• [Task brief] In the records below, repeat exactly the lines between the line holding "Transitional Power Reclining" and the line holding "Nike Mens Air", inclusive, and drop the pictures.

*** Opening Task input ***

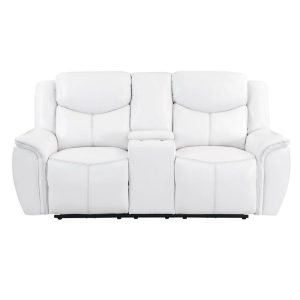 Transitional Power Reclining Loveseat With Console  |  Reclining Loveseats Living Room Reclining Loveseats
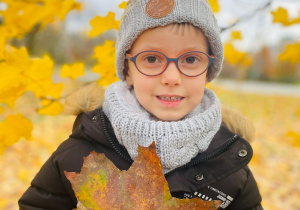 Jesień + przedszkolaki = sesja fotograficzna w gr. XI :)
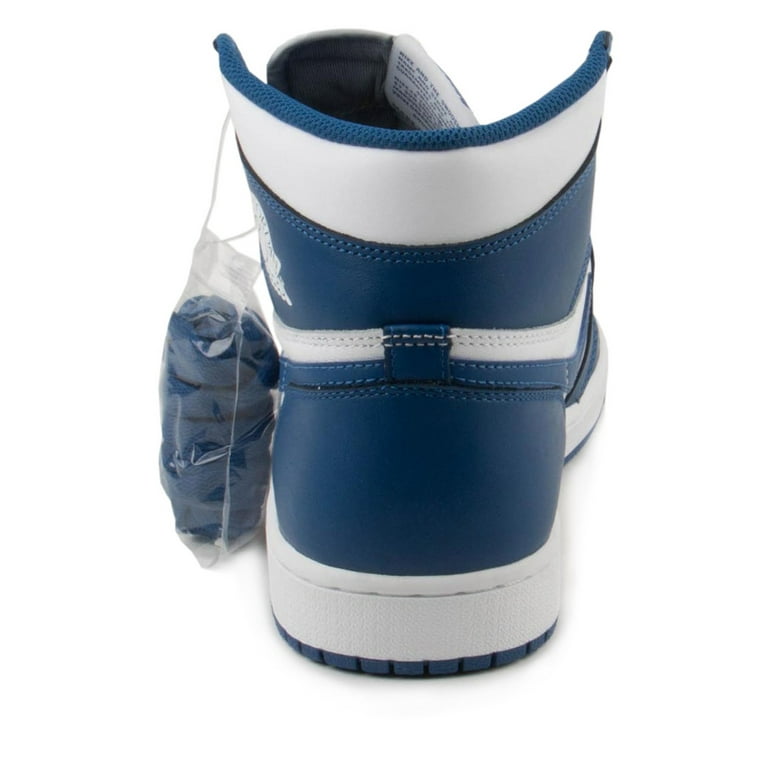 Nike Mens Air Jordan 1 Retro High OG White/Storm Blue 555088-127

*** Closing Task input ***
*** Opening Task input ***

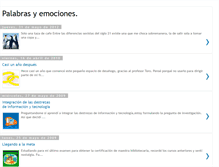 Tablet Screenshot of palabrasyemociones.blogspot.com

*** Closing Task input ***

• [Solution to this exercise]
 Transitional Power Reclining Loveseat With Console  |  Reclining Loveseats Living Room Reclining Loveseats
 Jesień + przedszkolaki = sesja fotograficzna w gr. XI :)
 Nike Mens Air Jordan 1 Retro High OG White/Storm Blue 555088-127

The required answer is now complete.